Despite the common view of the sonnet as a representation of the Rossettian femme fatale —which the sonnet certainly is—the poem develops various contradictory ideas out of its symbolic/allegorical images. To see this more clearly we should recall DGR's general comment on reading Dante. In a note to the Donna della Finestra passage in the Vita Nuova DGR says: “what I believe to lie at the heart of all true Dantesque commentary . . . is, the existence always of the actual events even where the allegorical superstructure has been raised by Dante himself.” The best readers of DGR have always followed exactly this approach toward Dante's greatest Victorian inheritor. In the present case, then, if we attempt to reconstruct a set of “actual events” within the “allegorical superstructure” of the sonnet, we recover an antithesis very like the one played out in the painting. In the case of the sonnet, however, the key figures are DGR's wife Elizabeth and Jane Morris
The sonnet's most apparent intertext, that is to say the sonnet in The House of Life titled “Life-in-Love”, brings the issues into sharp relief. The key figure is the “strangling golden hair.” Commentators have regularly associated this hair with Fanny Cornforth and have elaborated commentaries on that association, which is based largely on the relation of the sonnet to the original painting. But in the context of The House of Life the hair has to be associated with Elizabeth. Such an association appears at first quite paradoxical, since elsewhere DGR's dead wife stands as a figure of a certain spiritual presence, and scarcely as a sign of “Body's Beauty”.
These contradictions are to be registered, not necessarily resolved. They are complicated when DGR's own “bright web” of his poetical intertexts is further elaborated—for instance, when here we read the sonnet also in relation to the companion sonnet of “Life-in-Love”, that is, with “Death-in-Love”, a poem explicitly associated with Elizabeth.
The symbolic/allegorical figure of Lilith can help to clarify these kinds of contradictions. The legends represent Lilith not only as the witch-figure realized in “Eden Bower”, but as a threatening and haunting absent presence (see WMR, Rossetti Papers 1862 to 1870 483-486 , where a compendium of the legends is supplied). Read as a sign of DGR's dead wife, Lilith is to Eve as Elizabeth is to Jane. But of course in DGR's case all autobiographical schemas are themselves sign-systems, not ultimate explanatory references. They function in his work as the imaginative locus of the conflicted emotional relations that so typify DGR's poetry and pictures.
The sonnet of course forms a pair with “Soul's Beauty”, the two comprising an investigation of the ancient theme of sacred and profane love. See also DGR's translation of Dante's sonnet on much the same theme, “Of Beauty and Duty”.

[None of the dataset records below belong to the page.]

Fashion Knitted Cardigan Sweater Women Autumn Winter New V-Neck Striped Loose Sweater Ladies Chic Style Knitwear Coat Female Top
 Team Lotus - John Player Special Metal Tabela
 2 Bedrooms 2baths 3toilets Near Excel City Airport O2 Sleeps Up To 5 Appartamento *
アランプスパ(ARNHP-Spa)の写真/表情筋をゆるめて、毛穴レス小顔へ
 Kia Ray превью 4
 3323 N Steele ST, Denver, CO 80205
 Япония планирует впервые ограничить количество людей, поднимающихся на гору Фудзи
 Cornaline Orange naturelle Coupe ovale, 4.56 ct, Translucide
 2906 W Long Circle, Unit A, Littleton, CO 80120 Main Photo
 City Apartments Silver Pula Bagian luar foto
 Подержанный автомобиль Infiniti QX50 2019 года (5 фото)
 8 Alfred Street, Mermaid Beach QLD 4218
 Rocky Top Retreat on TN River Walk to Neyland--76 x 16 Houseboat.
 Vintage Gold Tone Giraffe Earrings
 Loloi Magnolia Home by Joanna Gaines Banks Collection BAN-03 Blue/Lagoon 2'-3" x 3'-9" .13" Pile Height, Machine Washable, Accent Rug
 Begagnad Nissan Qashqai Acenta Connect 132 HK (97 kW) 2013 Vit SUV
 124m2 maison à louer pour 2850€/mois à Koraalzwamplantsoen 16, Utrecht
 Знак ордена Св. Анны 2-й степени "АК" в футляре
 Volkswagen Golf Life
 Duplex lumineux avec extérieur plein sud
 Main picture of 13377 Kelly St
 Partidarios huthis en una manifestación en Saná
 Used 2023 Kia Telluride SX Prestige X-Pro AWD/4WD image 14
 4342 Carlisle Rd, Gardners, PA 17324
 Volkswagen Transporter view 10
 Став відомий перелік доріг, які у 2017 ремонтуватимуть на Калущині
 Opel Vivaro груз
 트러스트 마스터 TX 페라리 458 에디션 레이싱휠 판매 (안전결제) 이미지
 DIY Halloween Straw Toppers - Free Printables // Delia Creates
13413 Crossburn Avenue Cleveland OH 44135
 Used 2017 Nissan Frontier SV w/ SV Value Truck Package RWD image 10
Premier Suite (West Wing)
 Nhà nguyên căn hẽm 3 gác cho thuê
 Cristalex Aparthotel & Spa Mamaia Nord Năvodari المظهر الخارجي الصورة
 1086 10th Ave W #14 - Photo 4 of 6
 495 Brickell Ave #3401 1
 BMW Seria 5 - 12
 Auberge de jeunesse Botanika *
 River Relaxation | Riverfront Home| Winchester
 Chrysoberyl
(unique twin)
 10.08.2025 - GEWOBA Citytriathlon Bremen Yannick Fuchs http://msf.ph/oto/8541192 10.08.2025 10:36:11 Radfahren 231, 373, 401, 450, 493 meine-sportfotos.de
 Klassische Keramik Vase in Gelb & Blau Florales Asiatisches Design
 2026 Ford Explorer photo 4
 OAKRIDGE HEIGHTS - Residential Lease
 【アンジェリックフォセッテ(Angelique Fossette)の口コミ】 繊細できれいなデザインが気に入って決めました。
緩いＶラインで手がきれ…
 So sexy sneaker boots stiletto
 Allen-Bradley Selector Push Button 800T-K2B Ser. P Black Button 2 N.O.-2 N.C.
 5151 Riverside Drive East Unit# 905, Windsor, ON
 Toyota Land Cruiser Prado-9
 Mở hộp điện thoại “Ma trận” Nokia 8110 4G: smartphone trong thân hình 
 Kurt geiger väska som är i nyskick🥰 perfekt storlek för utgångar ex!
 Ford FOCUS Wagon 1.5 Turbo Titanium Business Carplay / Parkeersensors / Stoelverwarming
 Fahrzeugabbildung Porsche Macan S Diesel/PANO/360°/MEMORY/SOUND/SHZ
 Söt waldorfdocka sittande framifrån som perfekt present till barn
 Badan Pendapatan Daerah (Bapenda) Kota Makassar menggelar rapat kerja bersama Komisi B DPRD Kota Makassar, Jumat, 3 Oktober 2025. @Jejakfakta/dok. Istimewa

Textual History: Composition
Only one manuscript of the sonnet survives, DGR's corrected copy in the Fitzwilliam composite “House of Life” sequence. The precise date of composition is not known, but it was almost certainly written while the painting was being executed in 1866. In any case the sonnet existed by 27 October 1866, for on that date George Boyce recorded in his diary that “Gabriel had been painting a beautiful picture he proposes calling Lady Lilith, and has written a fine sonnet under it.”
Textual History: Revision
The sestet of the first printed text of 1868 differs in notable ways from the received text. The alterations were made in the Penkill Proofs in August or September 1869. As with its companion sonnet “Soul's Beauty”, a major revision involves its respositioning in DGR's works: in the 1870 Poems the sonnet appears among the Sonnets for Pictures, but in 1881 DGR made it a part of The House of Life. The shift in placement brought a change in the 1870 title, “Lilith. (For a Picture)”, to the received title; and there was a small change in line 7 as well.
Production History
Following WMR, Surtees says it was begun in 1864 (see WMR, DGR as Designer and Writer 64 ); but it was commissioned (by Leyland) in 1866 and may not have been begun until that year; in any case, the surviving studies all date from no earlier than 1866, except for two undated notebook sketches. The finished (oil) painting is dated 1868 but it may not have been completed and sent to Leyland until 1869. In 1872 DGR secured the painting back from Leyland to make some alterations, including the removal of Fanny Cornforth's face as the model for Lilith and the substitution of Alexa Wilding's face. Accounts differ about whether Leyland asked to have this important change made, or whether it was DGR himself who wanted it.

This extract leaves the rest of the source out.